▼▼▼

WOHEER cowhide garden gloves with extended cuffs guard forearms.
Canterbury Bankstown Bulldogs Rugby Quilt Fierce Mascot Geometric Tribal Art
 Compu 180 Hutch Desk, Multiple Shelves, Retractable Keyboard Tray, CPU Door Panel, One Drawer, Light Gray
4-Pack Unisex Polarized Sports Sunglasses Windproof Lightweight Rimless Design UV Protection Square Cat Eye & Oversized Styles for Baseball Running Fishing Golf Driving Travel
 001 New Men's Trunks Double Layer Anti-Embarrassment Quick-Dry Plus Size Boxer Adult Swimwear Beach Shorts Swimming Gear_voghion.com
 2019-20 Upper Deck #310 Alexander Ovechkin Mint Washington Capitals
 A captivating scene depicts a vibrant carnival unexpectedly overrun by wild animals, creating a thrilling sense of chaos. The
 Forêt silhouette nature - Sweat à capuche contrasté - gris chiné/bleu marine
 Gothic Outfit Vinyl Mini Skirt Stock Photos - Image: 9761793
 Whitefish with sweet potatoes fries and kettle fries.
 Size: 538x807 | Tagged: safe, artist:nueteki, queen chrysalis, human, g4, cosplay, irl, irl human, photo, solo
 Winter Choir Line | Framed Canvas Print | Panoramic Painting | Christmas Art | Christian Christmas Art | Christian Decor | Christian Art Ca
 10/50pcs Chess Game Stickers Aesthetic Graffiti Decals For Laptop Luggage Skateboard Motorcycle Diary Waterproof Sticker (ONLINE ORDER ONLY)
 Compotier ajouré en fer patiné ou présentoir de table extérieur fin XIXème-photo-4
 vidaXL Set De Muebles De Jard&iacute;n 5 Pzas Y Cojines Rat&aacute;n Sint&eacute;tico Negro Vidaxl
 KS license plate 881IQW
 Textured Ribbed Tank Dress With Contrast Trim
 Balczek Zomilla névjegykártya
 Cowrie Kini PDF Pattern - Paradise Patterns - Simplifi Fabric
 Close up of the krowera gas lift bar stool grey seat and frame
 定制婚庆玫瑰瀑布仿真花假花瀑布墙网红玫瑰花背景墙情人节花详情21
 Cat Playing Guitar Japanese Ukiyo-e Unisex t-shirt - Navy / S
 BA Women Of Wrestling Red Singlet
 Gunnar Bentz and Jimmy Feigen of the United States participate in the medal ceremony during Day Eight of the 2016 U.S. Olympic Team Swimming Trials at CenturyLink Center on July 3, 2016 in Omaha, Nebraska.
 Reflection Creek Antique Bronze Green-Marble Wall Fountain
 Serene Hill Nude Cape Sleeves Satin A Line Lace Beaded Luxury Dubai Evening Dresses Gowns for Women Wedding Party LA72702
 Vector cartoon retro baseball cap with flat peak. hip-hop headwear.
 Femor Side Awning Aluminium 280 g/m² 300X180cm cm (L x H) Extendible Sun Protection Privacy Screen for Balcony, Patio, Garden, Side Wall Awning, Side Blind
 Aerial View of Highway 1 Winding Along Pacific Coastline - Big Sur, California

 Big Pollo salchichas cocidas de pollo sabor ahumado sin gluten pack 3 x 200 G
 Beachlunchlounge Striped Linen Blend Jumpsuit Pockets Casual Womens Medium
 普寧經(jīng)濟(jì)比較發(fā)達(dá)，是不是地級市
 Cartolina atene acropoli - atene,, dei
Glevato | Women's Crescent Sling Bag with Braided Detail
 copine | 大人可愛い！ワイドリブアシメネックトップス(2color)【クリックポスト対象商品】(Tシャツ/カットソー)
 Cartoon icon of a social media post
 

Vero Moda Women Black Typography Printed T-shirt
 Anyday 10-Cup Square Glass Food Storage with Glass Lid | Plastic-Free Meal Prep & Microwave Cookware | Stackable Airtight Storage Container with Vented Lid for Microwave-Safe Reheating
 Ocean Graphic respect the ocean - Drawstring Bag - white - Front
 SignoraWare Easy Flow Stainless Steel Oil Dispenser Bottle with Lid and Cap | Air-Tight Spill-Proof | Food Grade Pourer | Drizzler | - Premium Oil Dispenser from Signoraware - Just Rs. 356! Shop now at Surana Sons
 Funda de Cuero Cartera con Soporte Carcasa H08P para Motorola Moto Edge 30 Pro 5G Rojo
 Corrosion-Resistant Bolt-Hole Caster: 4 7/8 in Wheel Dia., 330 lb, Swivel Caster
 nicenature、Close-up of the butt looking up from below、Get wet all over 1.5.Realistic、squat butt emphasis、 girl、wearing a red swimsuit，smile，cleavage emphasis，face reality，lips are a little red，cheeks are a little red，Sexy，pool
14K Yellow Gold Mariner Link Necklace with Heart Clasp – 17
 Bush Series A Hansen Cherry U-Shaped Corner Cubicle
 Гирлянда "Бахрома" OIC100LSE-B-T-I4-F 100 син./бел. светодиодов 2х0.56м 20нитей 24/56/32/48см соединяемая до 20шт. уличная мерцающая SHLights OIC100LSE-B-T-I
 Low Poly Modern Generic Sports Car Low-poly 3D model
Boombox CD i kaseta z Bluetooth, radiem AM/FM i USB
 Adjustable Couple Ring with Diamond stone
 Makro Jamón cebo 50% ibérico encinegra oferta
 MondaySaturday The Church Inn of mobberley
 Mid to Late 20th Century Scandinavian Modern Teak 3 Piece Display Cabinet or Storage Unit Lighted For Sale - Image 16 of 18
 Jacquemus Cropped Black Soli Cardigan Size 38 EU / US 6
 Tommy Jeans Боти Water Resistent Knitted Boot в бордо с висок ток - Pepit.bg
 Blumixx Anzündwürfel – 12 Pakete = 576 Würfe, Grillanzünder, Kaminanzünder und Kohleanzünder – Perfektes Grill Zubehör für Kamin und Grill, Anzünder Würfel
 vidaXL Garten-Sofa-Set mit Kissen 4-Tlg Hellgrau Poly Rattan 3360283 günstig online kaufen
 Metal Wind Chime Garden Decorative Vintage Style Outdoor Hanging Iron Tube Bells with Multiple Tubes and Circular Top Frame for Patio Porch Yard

▲▲▲

■ Your task
Return each line of the listing that holds the word "Multiple".

■ Response to this task
 Compu 180 Hutch Desk, Multiple Shelves, Retractable Keyboard Tray, CPU Door Panel, One Drawer, Light Gray
 Metal Wind Chime Garden Decorative Vintage Style Outdoor Hanging Iron Tube Bells with Multiple Tubes and Circular Top Frame for Patio Porch Yard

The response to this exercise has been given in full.